TidyVerse CREATE assignment: forcats vignette

Author

Naomi Buell

Introduction

In this document, I create programming vignette of the forcats TidyVerse package. I take Lana Del Rey’s full discography from Kaggle to create an example demonstrating how to use the capabilities of the forcats TidyVerse package for working with factor variables. Factors are used to represent categorical data and with multiple levels.

Load forcats package

Since forcats is part of the core tidyverse, you can load it with library(tidyverse) (or library(forcats) to load just forcats on its own). Note that you will need to install these packages before loading.

# The easiest way to get forcats is to install and load the whole tidyverse:
library(tidyverse)

# Alternatively, just install and load forcats:
library(forcats)

Demo

To begin, load example data for us to work with. All variable types are either character or double variables–no factors yet.

ldr_raw <-
  read_csv(
    "https://raw.githubusercontent.com/naomibuell/DATA607/main/ldr_discography_released.csv"
  )

Rows: 196 Columns: 13
── Column specification ────────────────────────────────────────────────────────
Delimiter: ","
chr (11): album_title, album_url, category, song_title, song_url, song_artis...
dbl  (2): album_track_number, song_page_views

ℹ Use `spec()` to retrieve the full column specification for this data.
ℹ Specify the column types or set `show_col_types = FALSE` to quiet this message.

head(ldr_raw)

# A tibble: 6 × 13
  album_title    album_url       category album_track_number song_title song_url
  <chr>          <chr>           <chr>                 <dbl> <chr>      <chr>   
1 Blue Banisters https://genius… Blue Ba…                  1 Text Book  https:/…
2 Blue Banisters https://genius… Blue Ba…                  2 Blue Bani… https:/…
3 Blue Banisters https://genius… Blue Ba…                  3 Arcadia    https:/…
4 Blue Banisters https://genius… Blue Ba…                  4 Interlude… https:/…
5 Blue Banisters https://genius… Blue Ba…                  5 Black Bat… https:/…
6 Blue Banisters https://genius… Blue Ba…                  6 If You Li… https:/…
# ℹ 7 more variables: song_artists <chr>, song_release_date <chr>,
#   song_page_views <dbl>, song_lyrics <chr>, song_writers <chr>,
#   song_producers <chr>, song_tags <chr>

Creating factors

Create factors with the forcats::as_factor() function.
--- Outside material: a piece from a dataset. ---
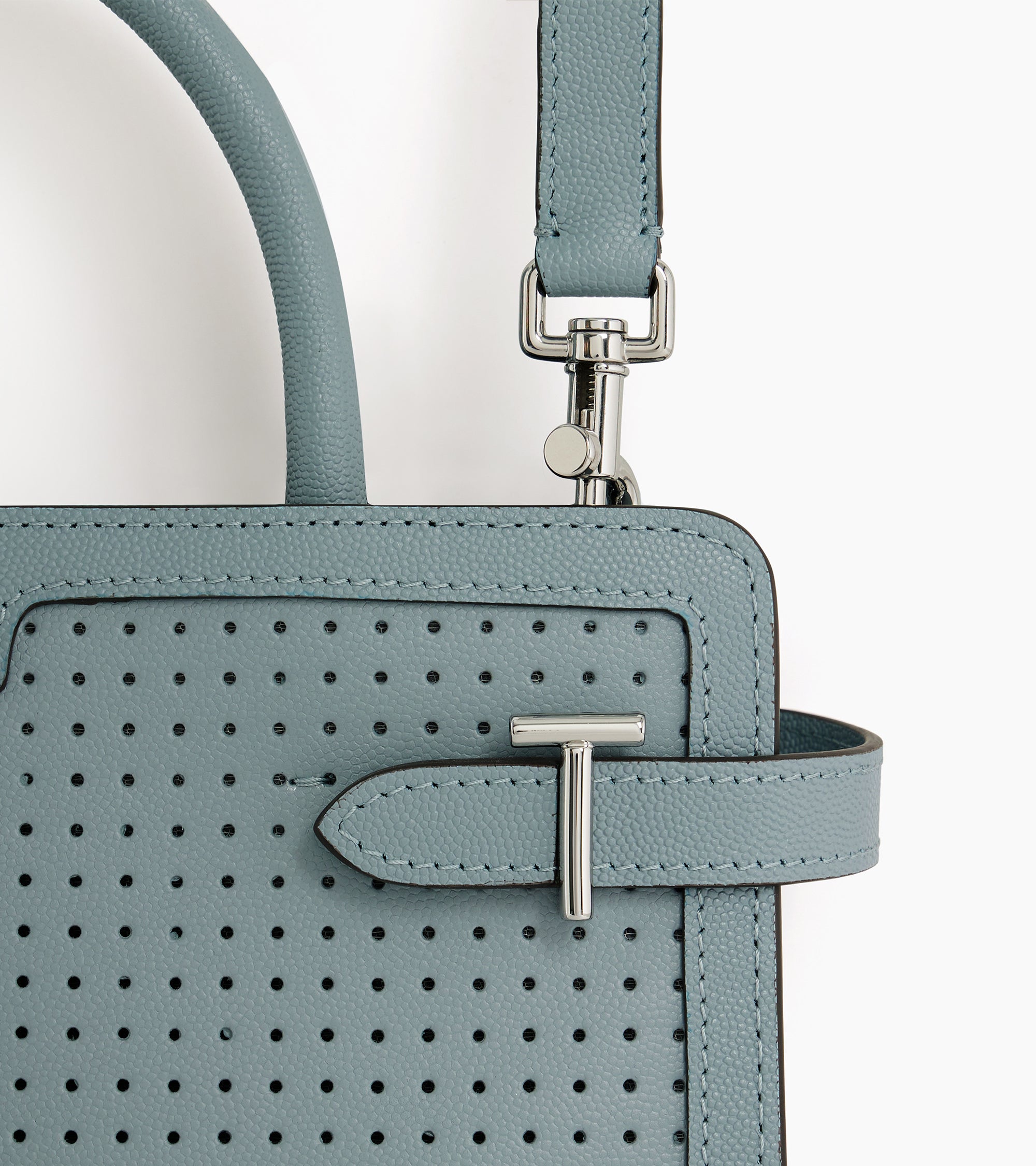 Emilie medium handbag in perforated caviar leather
In the example below, change the variable category, which is the categorical classification of an album/song.

# Assign variable as factor:
ldr_cats <- ldr_raw |>
  mutate(category = as_factor(category))

# Category variable is now <fctr> type:
head(ldr_cats)

# A tibble: 6 × 13
  album_title    album_url       category album_track_number song_title song_url
  <chr>          <chr>           <fct>                 <dbl> <chr>      <chr>   
1 Blue Banisters https://genius… Blue Ba…                  1 Text Book  https:/…
2 Blue Banisters https://genius… Blue Ba…                  2 Blue Bani… https:/…
3 Blue Banisters https://genius… Blue Ba…                  3 Arcadia    https:/…
4 Blue Banisters https://genius… Blue Ba…                  4 Interlude… https:/…
5 Blue Banisters https://genius… Blue Ba…                  5 Black Bat… https:/…
6 Blue Banisters https://genius… Blue Ba…                  6 If You Li… https:/…
# ℹ 7 more variables: song_artists <chr>, song_release_date <chr>,
#   song_page_views <dbl>, song_lyrics <chr>, song_writers <chr>,
#   song_producers <chr>, song_tags <chr>

Browsing Factors

Browse factor levels with the forcats::levels().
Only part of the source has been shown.